Number 5: The Kings Arms.
Listen, I know this is a popular hangout amongst students, but it’s also a place where you pay nearly a tenner for a veggie sunday roast and get fobbed off with a “meal” consisting of cold parsnips and no gravy.
Considering the pub’s renown and history, you would think their food would be out of this world. And, I mean, it is , just not in a good way. Their chips are frozen. Their portions? Stingy. Their meat–so I’m told–is extremely chewy.
Were this a pub with run of the mill prices, it would not deserve a spot on this list, but in a world where I have to pay £8 for a drink, I do expect A* service, which isn’t this.
Number 4: Spoons.
Please, hold your protests. As a self-confessed chav, I usually enjoy Spoons as much as the next girl, but the Oxford branch leaves a lot to be desired.
Along with the usual Spoons-related issues of watery pitchers and creepy, leering men, the Four Candles also fails to live up to the cheap and cheerful reputation that so many of us know and love.
Its layout leaves patrons sitting too far away from each other to feel included in any sort of bar buzz, the toilets are a grim experience, and many of the staff fit somewhere on the spectrum between ‘oh so bored’ and openly hostile.
To top it all off, for some reason the prices are higher than the far superior Spoons locations of Durham and Newcastle.
Number 3. The City Arms.
For a chain pub connected to one of the best bars in Durham (ironically named The Library), this pub is a huge disappointment.
The three cheese toastie was burnt on one side and raw on the other.
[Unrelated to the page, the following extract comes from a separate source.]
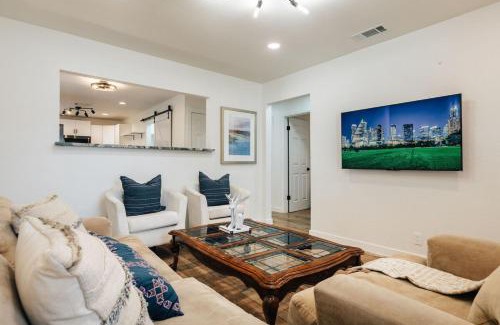 Sweetbriar House | New Build, Big Group Sleep 7, Comfy Beds, Rain Shower, SoCO Best Eateries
The fries were cold, and the atmosphere was aggressively boring. I also paid £7 for a “cocktail” that literally looked and tasted like manky juice.
My friends received burgers without lettuce, without sauce, and without anything the menu boasted to include, other than a beef patty, which turned out to be burnt. Do not come here if you seek an edible meal.
Number 2. The Pint Shop.
This pub holds a special place in my own personal hell. Many moons ago, I walked in with high expectations. My friends and I picked a seat amid the busy bustle, and I browsed the menu. There were no prices in sight – a warning sign. My usual double vodka orange is a mere £3 in the Worcester bar, less than a fiver in The Wheatsheaf, and £7 at most other “fancy” pubs in Oxford.
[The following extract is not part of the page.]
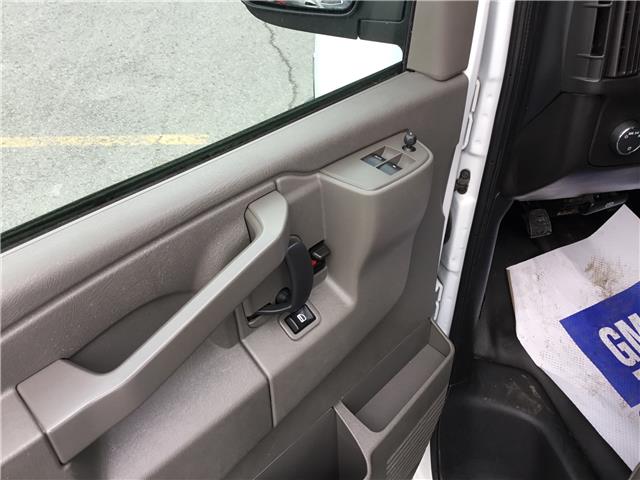 2024 Chevrolet Express 2500 Work Van (Stk: R0118) in Cornwall - Image 2 of 28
The Pint Shop, however, charged me £11.50. This was not for some kind of special limited edition vodka paired with freshly squeezed orange juice either. It was a humble Smirnoff, served with juice from a carton and no ice.
I was shocked to my very core. They offer The Randolph’s prices with the interior of a particularly bare IKEA living room, complete with migraine-inducing orange lights.
Spare your bank account the trouble, and avoid this wannabe hipster hangout at all costs.
Number 1. The Library.
Picture this: you’re cold, you’re tired, and you’re fearing for your life. I’m not talking about being stranded in the Arctic. I’m talking about having a drink in this pub’s dodgy basement. The lights flicker, the heating is either broken or neglected, and the tonic water is painfully flat.
The white wine tastes suspiciously like vinegar. All you can hear is chattering teeth and muttered complaints.
I would recommend it if you’re in the market for enjoying a rather shady environment, but that’s about all this dungeon is good for.